Stop trying to stop them

Often in our battle to stop thoughts we notice that the sheer act of trying to stop them actually makes matters worse. So the first step is to stop battling, drop all the fighting, take a deep breath, feel your feet rooted to the ground for a few moments. Trying to stop our thoughts is like trying to damn a river, the water has to go somewhere and inevitably there will be a flood. So for now stop trying to stop them, just allow them to be, like clouds floating by in the sky.


Thought Labelling.

If your thoughts are taking over and you feel out of control, pause for a moment, concentrate on your breath, the air coming in to the body, the air leaving the body. Now as a thought pops along just label it with “I am having a thought” and come back to your breath. Bask in the calmness this creates when you start to realise your thoughts are just that, just a thought.


Thought weeding

A lot of thoughts we have are not useful and are definitely not based in reality.
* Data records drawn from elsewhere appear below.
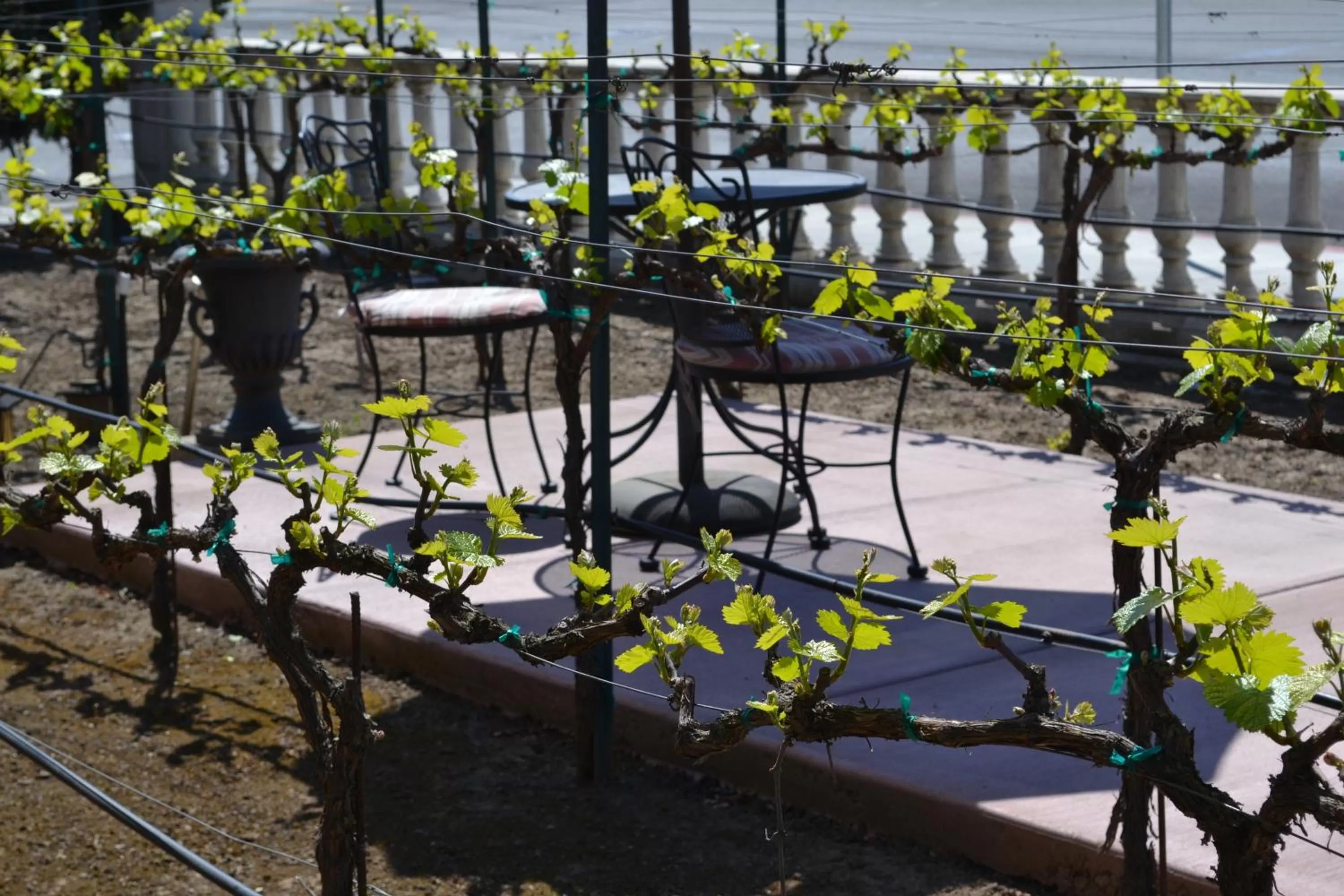 Decorative detail in Chardonnay Lodge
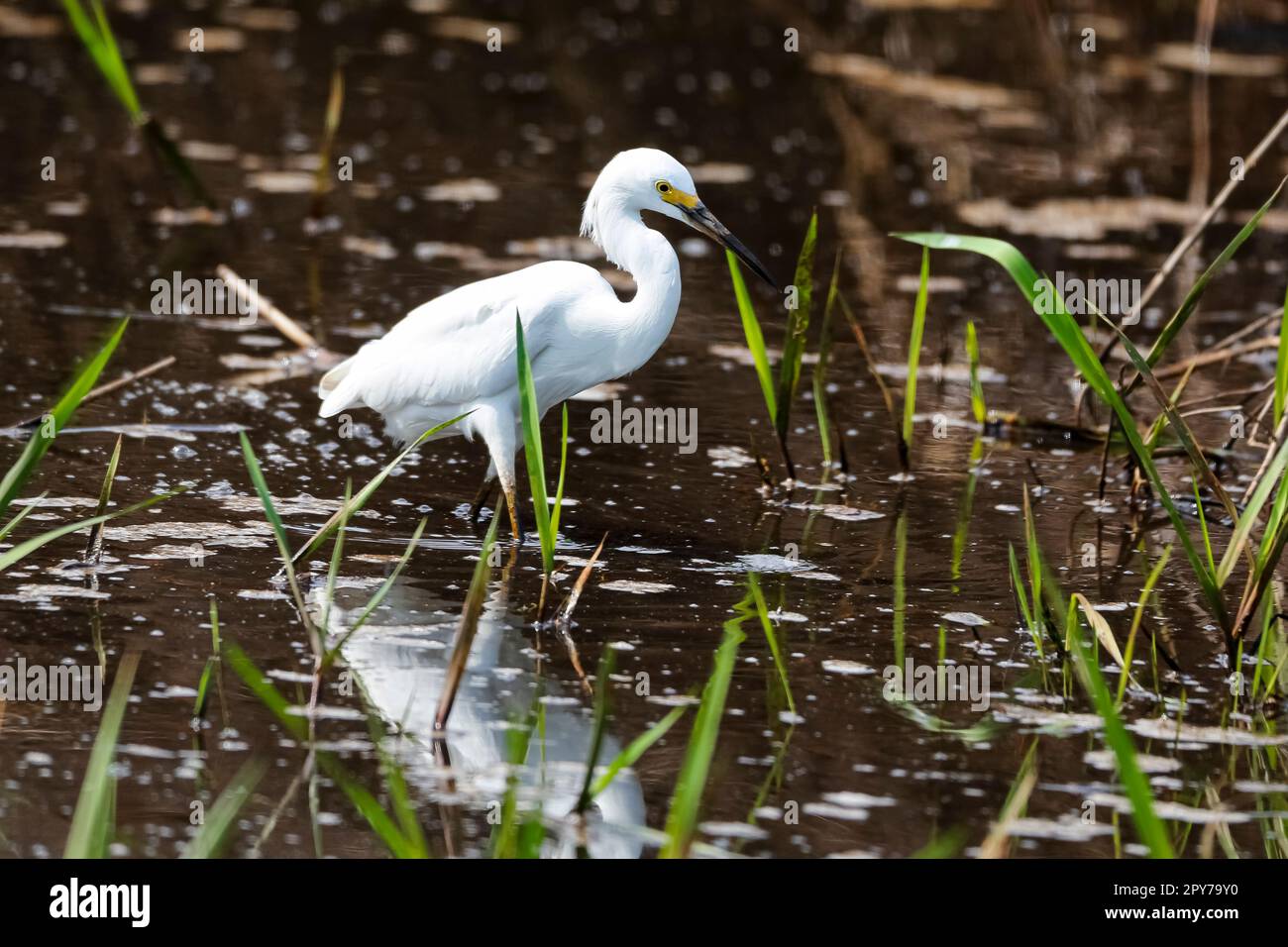 Eleganter Great Egret Walking in Flachwasser, Pantanal Wetlands, Mato Grosso, Brasilien Stockfoto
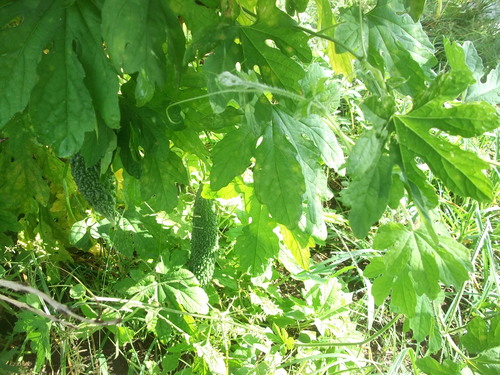 発芽する野菜...終了する野菜_b0137932_20111311.jpg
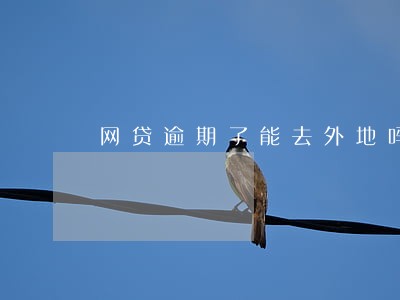 网贷逾期了能去外地吗 网贷逾期了能去外地吗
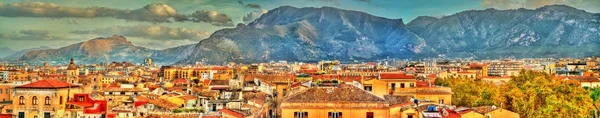 Palermo as seen from the roof of the Cathedral - Sicily — Stock Photo, Image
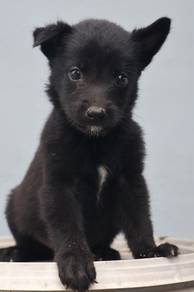 Belgian Malinois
Spend a few moments to ask your thought a few questions, is this thought based in reality? Is this thought supporting my future growth and happiness? Is this thought useful? This little pause can help us to weed out those negative thoughts that do not support us.

Thoughts are very much a part of us but they do not need to control us. Practicing with thoughts like this is like training a muscle at the gym, the more we do it the easier it becomes, so remember to practice thought labelling daily and gently over time the thoughts do not hook you anymore but are simply a part of daily life that is within your control.